Monday, November 24, 2008

Child-centered agreements, Part 2

Being a child-centered parent involves being committed to education and discipline. But wait—if you believe I’m talking about your kids’ education and discipline, I am not. I’m talking about yours. Many people investigate the options for a new car more thoroughly than they look into their compatibility with their spouse. It shouldn’t be easier to buy a handgun than it is to get a marriage license, but it is. The former has a three-day waiting period and a background check; the latter has neither. Child-centered marriage planning involves learning as much as you can, coming to agreements with your future spouse before you even tie the knot, or as soon as possible if you’re already married.

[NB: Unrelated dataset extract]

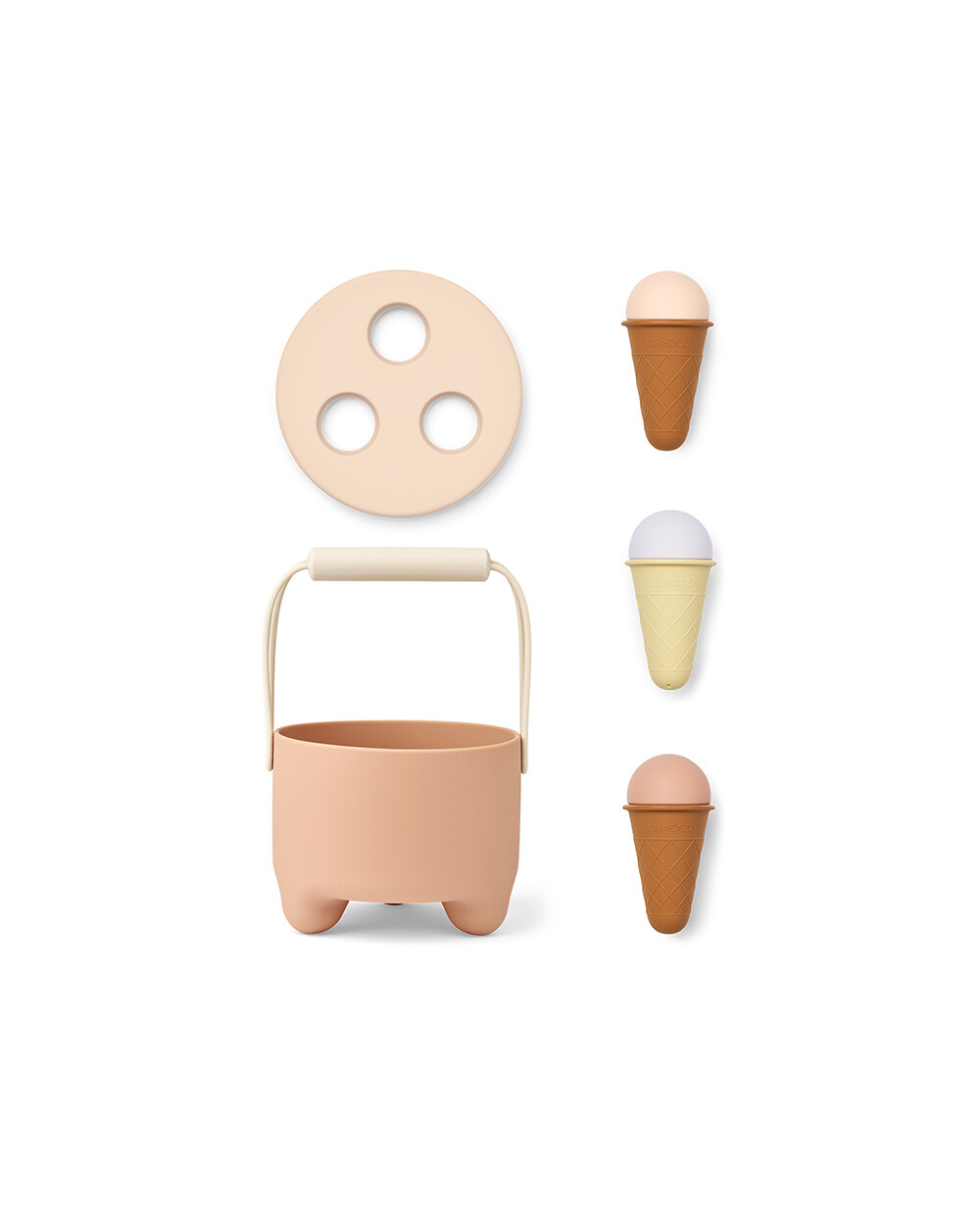 Built-in toy Fleur ice cream pink color  Liewood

You can benefit from a child-centered approach even if you’re late in drafting an agreement. Married people as well as already-divorced parents can implement child-centered strategies. It is never too late to turn your life around, and the same goes for your parenting approach. I have successfully helped people before they even have children, those who are struggling in their current marriages, and those who are trying to pick up the pieces of a mess they made. Even if you have a 17-year-old who will be moving out in a year, wouldn’t you rather give that child at least one year of civility and predictability?

To this day, I am the only divorce mediator in Oregon to have made regular appearances on television, and to identify a child-centered approach as a focal point of my work. Because I thought even so-called experts were asking the wrong questions about divorce, focusing on the breakup of the home instead of the factors that brought the parents to that point, I had to take it into my own hands to emphasize the right aspects. You won’t get the right answers if you ask the wrong questions.